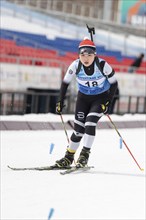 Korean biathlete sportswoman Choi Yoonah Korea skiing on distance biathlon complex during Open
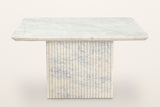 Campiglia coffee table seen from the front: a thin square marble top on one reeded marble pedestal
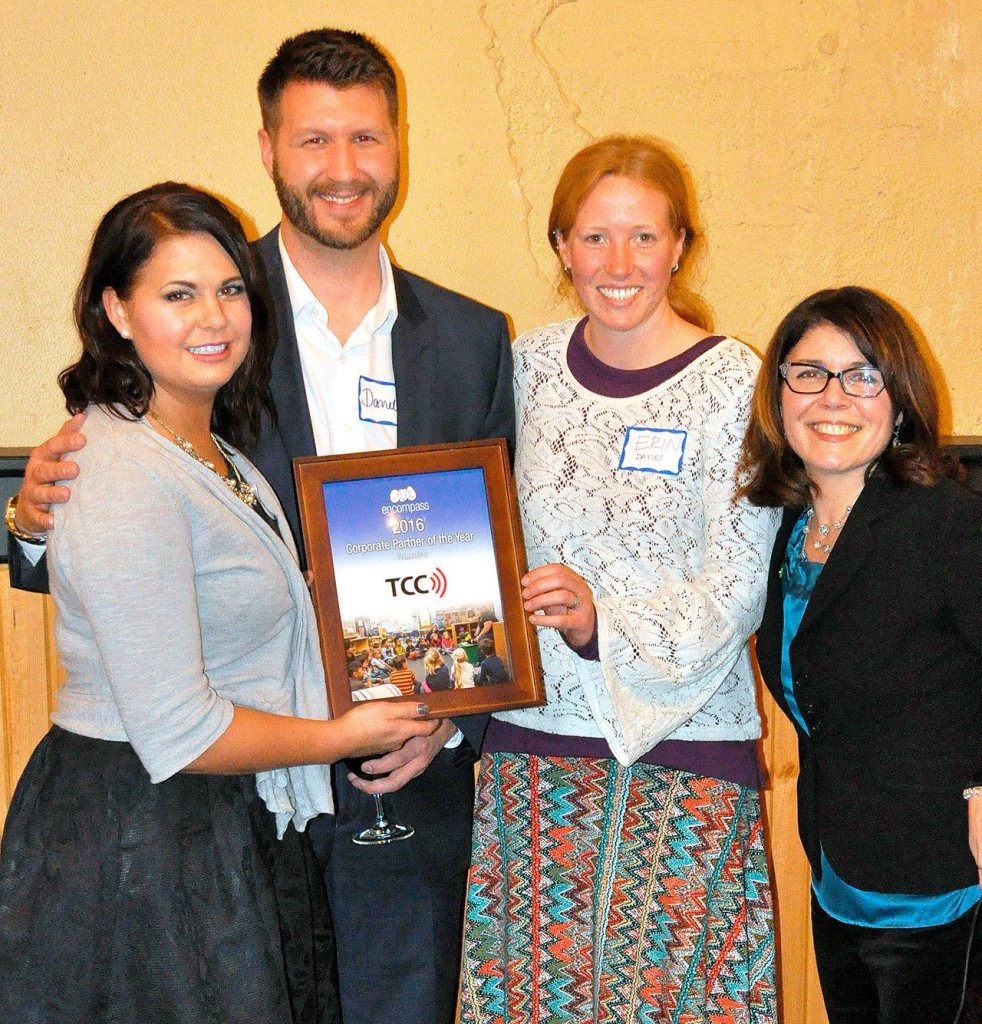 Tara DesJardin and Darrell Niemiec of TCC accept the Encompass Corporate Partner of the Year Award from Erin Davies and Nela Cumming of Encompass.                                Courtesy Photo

+---+

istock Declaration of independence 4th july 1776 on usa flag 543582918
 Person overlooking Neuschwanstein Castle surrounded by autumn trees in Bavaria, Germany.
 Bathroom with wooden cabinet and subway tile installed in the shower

+---+

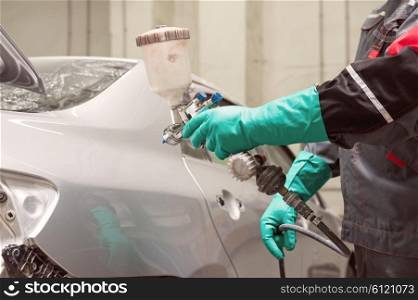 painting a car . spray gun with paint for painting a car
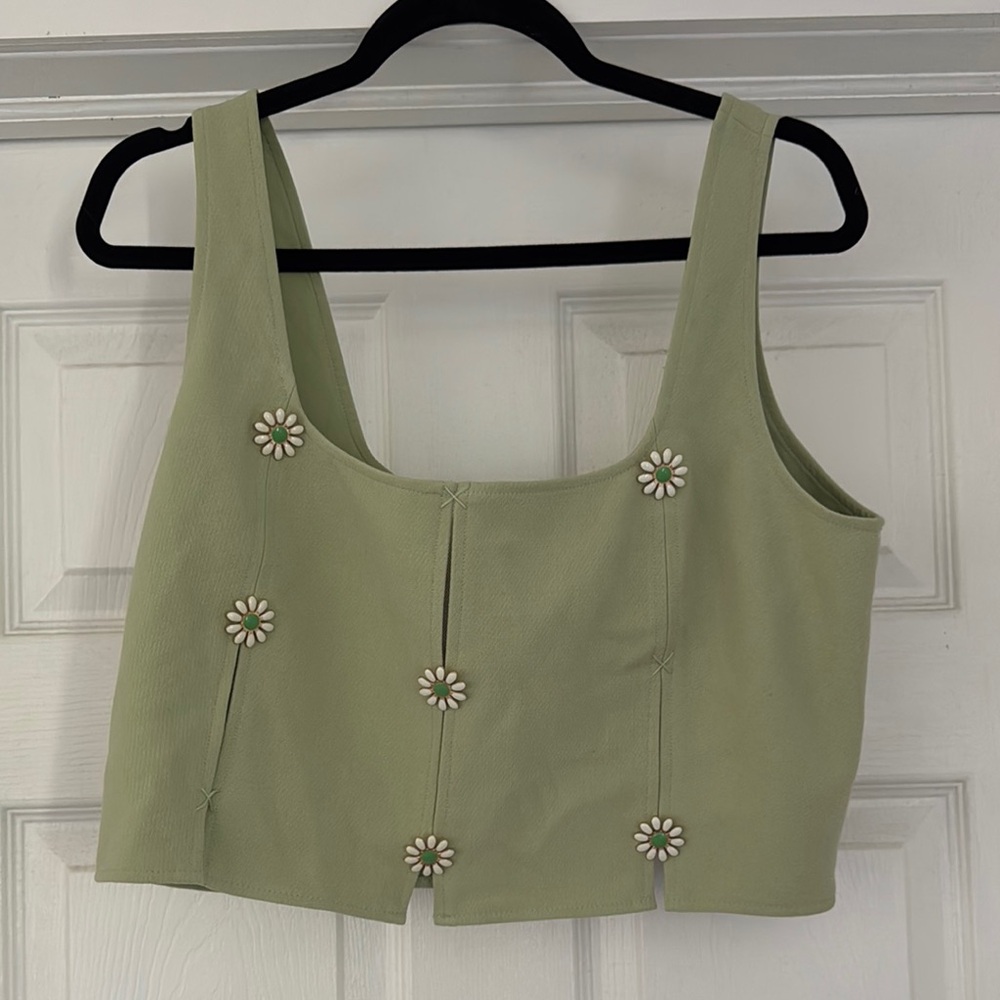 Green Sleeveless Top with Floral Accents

+---+

**Exercise objective**
Only one stretch of the data above is needed. Restate it word for word, from the line containing "istock Declaration of" through the line containing "Bathroom with wooden", both ends included.

**Written reply**
istock Declaration of independence 4th july 1776 on usa flag 543582918
 Person overlooking Neuschwanstein Castle surrounded by autumn trees in Bavaria, Germany.
 Bathroom with wooden cabinet and subway tile installed in the shower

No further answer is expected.